Drawing of a mature tree with two thick long branches. On top it shows several leafless branches, and, on the bottom, the branches have several leaves. Behind the tree there is a tall tower with a pointy roof

Identification and Creation

Object Number
1957.100
People
Abraham Bloemaert, Dutch (Gorinchem, Netherlands 1566 - 1651 Utrecht, Netherlands)
Title
Study of a Tree
Classification
Drawings
Work Type
drawing
Date
c. 1644-1646
Culture
Dutch
Persistent Link
https://hvrd.art/o/297107

Physical Descriptions

Medium
Gray wash with black chalk and graphite, green and rose transparent watercolor, scraping and traces of white opaque watercolor on cream antique laid paper, toned with brown wash, framing lines in graphite and gray wash
Dimensions
16.3 x 26.9 cm (6 7/16 x 10 9/16 in.)
Inscriptions and Marks
  • watermark: Eagle with two heads, letter E and B on breast [similar to Heawood 1300, but with the additional letters; Amsterdam, 1644-6]

Provenance

Recorded Ownership History
[Robert M. Light & Co., Boston, Massachusetts], sold; to Fogg Art Museum, 1957.

Published Text

Catalogue
Drawings from the Age of Bruegel, Rubens, and Rembrandt: The Complete Collection Online
Authors
Multiple authors
Publisher
Harvard Art Museums (Cambridge, MA, 2017–)

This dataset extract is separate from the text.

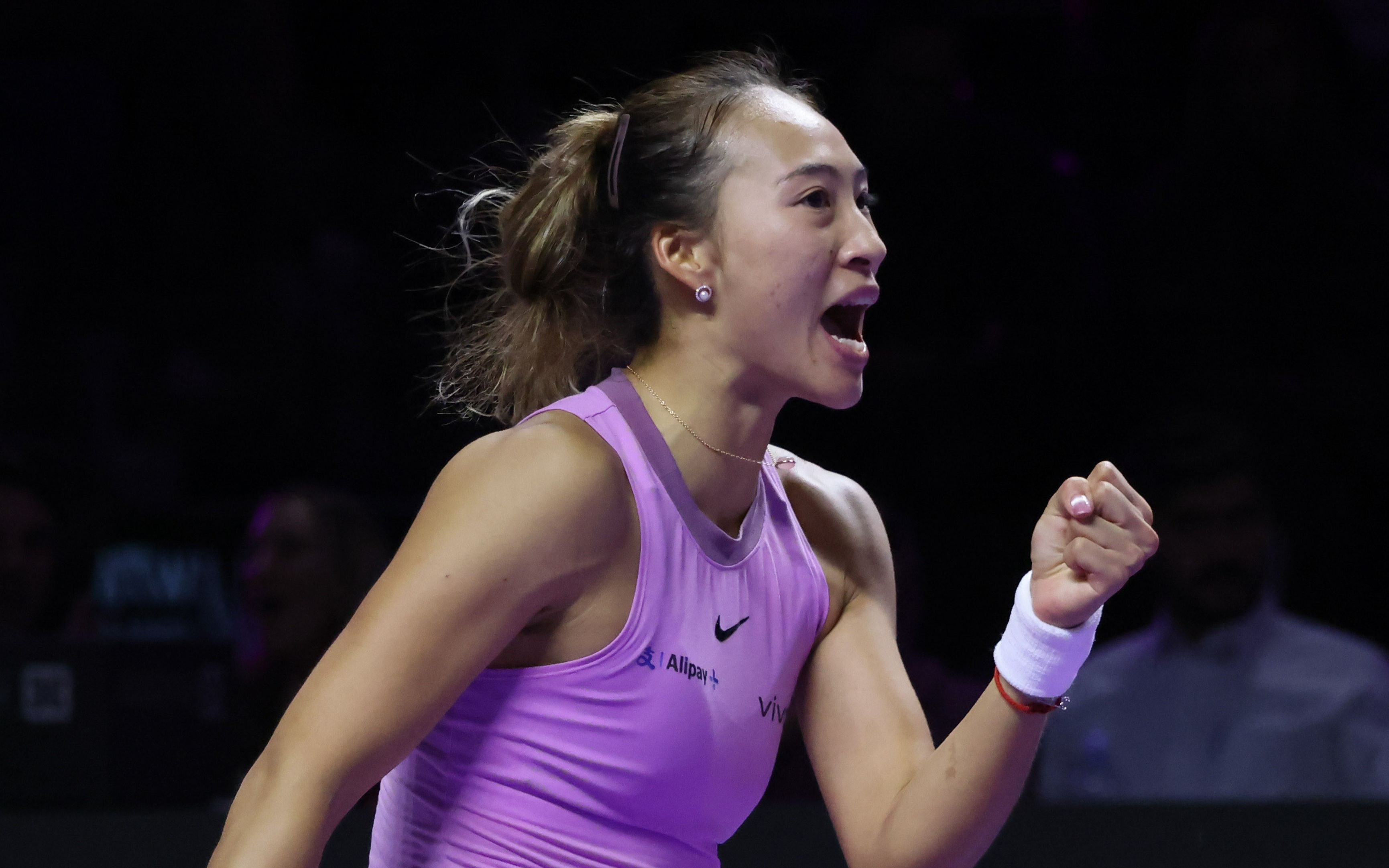 阿扎伦卡重返赛场，刷新纪录首场状态出色，FPX观众沸腾！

Entry by Austeja Mackelaite, completed February 22, 2021:

The study of landscape was central to Bloemaert’s artistic practice from the beginning of his career.1 In addition to depicting dilapidated sheds, humble dovecotes, and rustic village roads, he was one of the first Dutch artists to produce studies of individual trees.2 An example of the artist’s uncompromising commitment to the depiction of landscape, observed naer het leven (“from life”), and his ability to capture picturesque qualities of natural forms, this sheet belongs to a group of more than 30 extant drawings featuring independent trees or tree clusters.3

Bloemaert was particularly attracted to contorted, irregularly shaped trees.4 Characterized by its roughly textured bifurcated trunk and a delicate web of wispy branches, the charismatic tree in the Harvard drawing extends horizontally across the sheet, almost filling the entire pictorial space. Although the tree has been previously described as pollarded—that is, pruned at the top in order to promote the growth of dense foliage— the absence of pruning cuts makes it unlikely. Instead, the drawing probably shows an ancient tree undergoing the process of retrenchment, when in the face of reducing nutrient and water supply, the tree naturally reduces its crown size and leaf area.5

While Bloemaert’s tree studies vary in size, degree of completion, and compositional arrangements, virtually all are produced using a combination of black chalk with pen and brown ink, with further addition of either watercolor or brown washes. It has been assumed that Bloemaert, who probably studied trees in the countryside around Utrecht, would have produced the initial sketch, usually in black chalk, in situ, and then used wet media to finish the composition in his studio.6 The Harvard drawing offers a rare instance in which the artist chose to omit the pen and ink campaign. In this technically sophisticated drawing, Bloemaert layered gray, rose, and green washes over a soft underdrawing in graphite and black chalk, and then used the same dry media to accent and reinforce parts of the composition. Some of the highlights on the left fork of the trunk were produced by scraping.7

It has been suggested that the specimen in the Harvard drawing served as the model for trees depicted in the background of Bloemaert’s painted Landscape with Mercury and Argus and in an etching by the artist’s son Frederick that reproduced a drawing by Bloemaert.8 While the trees included in those works are similarly bifurcated, their overall shapes differ significantly from the tree in the Harvard sheet, and as suggested by Jaap Bolten, are closer—though still not identical—to the specimen in a drawing in Munich.9 Bolten dates all Bloemaert’s tree drawings to the early period of the artist’s career, but the Harvard sheet belongs to a small group of related studies that bear the watermark of the double-headed eagle, similar to Heawoood 1300, which is associated with Amsterdam papers used in publications or documents with dates between 1644 and 1646.10 Considering differences in technique between this drawing and other studies by the artist, as well as the overall painterly character of the sheet, it is possible that the work dates to this later period.

Notes

1 See the catalogue entry for Bloemaert’s Dilapidated Farmhouse (1999.130) in William W. Robinson with Susan Anderson, Drawings from the Age of Bruegel, Rubens, and Rembrandt: Highlights from the Collection of the Harvard Art Museums (Cambridge, Mass.: Harvard Art Museums, 2016), pp. 49–51. For the discussion of the so-called Berlin Album, which includes some of the earliest landscape studies by Bloemaert, see Jaap Bolten, “The Beginnings of Abraham Bloemaert’s Artistic Career,” Master Drawings 36 (1) (1998): 17–25.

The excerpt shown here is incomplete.